*PROBLEM DETAILS*
With the line containing "Calvin Klein Gray" as the start and the line containing "Veyra Marble & Metal Tissue Box" as the end, transcribe that span of the entries below exactly, including both.

*INFORMATION PROVIDED*

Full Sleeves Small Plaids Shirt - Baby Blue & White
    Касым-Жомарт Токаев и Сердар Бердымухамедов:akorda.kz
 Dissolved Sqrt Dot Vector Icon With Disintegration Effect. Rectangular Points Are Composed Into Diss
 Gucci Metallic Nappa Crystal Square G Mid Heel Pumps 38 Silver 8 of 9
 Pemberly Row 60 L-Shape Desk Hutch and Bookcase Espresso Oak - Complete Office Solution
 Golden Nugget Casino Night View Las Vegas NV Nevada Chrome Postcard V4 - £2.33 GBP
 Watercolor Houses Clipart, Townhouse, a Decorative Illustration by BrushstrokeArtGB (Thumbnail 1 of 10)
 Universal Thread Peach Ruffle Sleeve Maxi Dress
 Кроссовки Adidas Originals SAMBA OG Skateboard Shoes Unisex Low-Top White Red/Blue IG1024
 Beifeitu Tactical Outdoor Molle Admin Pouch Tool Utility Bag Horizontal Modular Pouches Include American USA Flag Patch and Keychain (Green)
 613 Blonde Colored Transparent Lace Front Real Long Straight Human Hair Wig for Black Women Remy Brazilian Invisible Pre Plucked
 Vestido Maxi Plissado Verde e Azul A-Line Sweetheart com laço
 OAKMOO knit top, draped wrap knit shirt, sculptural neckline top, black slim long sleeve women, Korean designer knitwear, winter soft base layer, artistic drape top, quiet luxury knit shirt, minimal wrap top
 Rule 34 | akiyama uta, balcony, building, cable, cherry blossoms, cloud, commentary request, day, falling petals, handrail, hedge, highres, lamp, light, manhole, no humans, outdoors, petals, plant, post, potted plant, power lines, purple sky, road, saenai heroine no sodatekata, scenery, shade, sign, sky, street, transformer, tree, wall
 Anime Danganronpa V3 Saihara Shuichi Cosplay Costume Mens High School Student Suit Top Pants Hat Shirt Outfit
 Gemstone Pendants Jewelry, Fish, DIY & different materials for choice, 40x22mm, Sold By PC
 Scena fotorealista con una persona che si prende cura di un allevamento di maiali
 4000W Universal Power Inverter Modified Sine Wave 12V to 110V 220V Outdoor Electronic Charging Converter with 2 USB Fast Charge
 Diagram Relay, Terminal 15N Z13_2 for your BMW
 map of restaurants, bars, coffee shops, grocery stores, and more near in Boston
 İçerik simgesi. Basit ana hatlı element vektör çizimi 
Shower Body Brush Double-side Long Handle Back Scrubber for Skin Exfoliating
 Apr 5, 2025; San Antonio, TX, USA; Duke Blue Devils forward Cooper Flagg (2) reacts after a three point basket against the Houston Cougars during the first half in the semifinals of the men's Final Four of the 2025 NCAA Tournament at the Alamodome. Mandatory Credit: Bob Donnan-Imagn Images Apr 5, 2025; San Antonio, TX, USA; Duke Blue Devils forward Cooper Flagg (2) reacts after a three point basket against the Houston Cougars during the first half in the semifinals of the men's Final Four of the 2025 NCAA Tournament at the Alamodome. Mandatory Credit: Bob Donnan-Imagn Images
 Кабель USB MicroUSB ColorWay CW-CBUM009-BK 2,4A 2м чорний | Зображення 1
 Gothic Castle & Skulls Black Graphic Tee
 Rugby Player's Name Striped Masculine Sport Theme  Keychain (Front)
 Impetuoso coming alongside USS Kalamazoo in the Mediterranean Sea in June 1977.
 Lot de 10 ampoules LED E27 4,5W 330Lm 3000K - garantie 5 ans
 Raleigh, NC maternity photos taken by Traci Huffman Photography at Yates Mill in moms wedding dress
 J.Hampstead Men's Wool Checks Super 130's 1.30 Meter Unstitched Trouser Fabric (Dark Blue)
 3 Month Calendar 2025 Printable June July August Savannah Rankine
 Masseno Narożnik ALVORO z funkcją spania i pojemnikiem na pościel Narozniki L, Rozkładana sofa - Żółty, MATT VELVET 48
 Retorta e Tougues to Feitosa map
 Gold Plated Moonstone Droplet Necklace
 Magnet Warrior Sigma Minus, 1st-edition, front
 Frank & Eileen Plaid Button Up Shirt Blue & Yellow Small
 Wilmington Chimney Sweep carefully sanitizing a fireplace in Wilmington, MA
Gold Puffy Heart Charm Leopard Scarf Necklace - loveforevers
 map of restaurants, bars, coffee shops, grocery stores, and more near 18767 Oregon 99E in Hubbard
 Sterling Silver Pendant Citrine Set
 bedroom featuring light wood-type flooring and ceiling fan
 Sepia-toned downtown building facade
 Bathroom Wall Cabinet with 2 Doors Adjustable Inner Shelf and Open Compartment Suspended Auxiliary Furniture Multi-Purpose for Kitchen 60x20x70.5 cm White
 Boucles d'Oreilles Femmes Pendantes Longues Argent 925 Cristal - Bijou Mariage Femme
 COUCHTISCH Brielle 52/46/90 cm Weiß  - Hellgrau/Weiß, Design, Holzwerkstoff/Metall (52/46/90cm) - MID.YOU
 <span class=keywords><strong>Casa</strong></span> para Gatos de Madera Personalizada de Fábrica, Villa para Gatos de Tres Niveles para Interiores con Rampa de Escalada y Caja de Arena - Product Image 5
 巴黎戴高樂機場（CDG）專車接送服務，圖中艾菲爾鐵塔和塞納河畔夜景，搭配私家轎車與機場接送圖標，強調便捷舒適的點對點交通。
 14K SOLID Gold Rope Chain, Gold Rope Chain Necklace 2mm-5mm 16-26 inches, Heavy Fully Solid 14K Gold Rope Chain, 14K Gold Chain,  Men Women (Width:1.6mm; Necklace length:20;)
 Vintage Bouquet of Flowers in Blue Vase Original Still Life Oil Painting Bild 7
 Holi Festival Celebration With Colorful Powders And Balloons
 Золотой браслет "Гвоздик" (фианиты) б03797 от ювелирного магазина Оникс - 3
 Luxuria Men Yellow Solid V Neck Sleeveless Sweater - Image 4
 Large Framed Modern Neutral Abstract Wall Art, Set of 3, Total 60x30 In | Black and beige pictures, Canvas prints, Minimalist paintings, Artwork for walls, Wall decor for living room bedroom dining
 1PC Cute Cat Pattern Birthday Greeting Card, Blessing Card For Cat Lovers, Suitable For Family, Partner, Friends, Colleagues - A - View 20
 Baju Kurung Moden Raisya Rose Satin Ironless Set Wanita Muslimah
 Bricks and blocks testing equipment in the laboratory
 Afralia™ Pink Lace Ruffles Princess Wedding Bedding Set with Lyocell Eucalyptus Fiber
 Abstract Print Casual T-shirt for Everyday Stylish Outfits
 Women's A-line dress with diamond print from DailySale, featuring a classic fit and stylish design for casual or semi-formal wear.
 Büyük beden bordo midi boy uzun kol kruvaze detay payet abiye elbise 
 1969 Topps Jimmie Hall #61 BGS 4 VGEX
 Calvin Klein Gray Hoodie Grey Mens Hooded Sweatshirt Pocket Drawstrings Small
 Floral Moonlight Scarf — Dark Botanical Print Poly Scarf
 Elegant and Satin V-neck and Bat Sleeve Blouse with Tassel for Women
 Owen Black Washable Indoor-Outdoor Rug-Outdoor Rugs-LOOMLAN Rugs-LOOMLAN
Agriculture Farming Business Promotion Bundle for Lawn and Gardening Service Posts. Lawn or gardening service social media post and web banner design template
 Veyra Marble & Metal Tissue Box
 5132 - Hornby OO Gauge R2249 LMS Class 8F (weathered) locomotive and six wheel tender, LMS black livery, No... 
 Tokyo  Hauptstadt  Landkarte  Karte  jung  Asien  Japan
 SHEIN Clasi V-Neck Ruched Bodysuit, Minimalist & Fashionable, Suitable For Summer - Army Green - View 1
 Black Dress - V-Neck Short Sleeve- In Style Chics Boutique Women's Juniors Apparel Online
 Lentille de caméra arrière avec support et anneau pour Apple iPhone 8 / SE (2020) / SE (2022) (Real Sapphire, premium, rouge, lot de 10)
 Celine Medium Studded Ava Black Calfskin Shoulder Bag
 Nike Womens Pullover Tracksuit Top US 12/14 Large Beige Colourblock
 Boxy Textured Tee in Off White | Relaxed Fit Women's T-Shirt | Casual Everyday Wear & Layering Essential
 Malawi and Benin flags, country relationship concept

*SOLUTION TO THIS EXERCISE*
 Calvin Klein Gray Hoodie Grey Mens Hooded Sweatshirt Pocket Drawstrings Small
 Floral Moonlight Scarf — Dark Botanical Print Poly Scarf
 Elegant and Satin V-neck and Bat Sleeve Blouse with Tassel for Women
 Owen Black Washable Indoor-Outdoor Rug-Outdoor Rugs-LOOMLAN Rugs-LOOMLAN
Agriculture Farming Business Promotion Bundle for Lawn and Gardening Service Posts. Lawn or gardening service social media post and web banner design template
 Veyra Marble & Metal Tissue Box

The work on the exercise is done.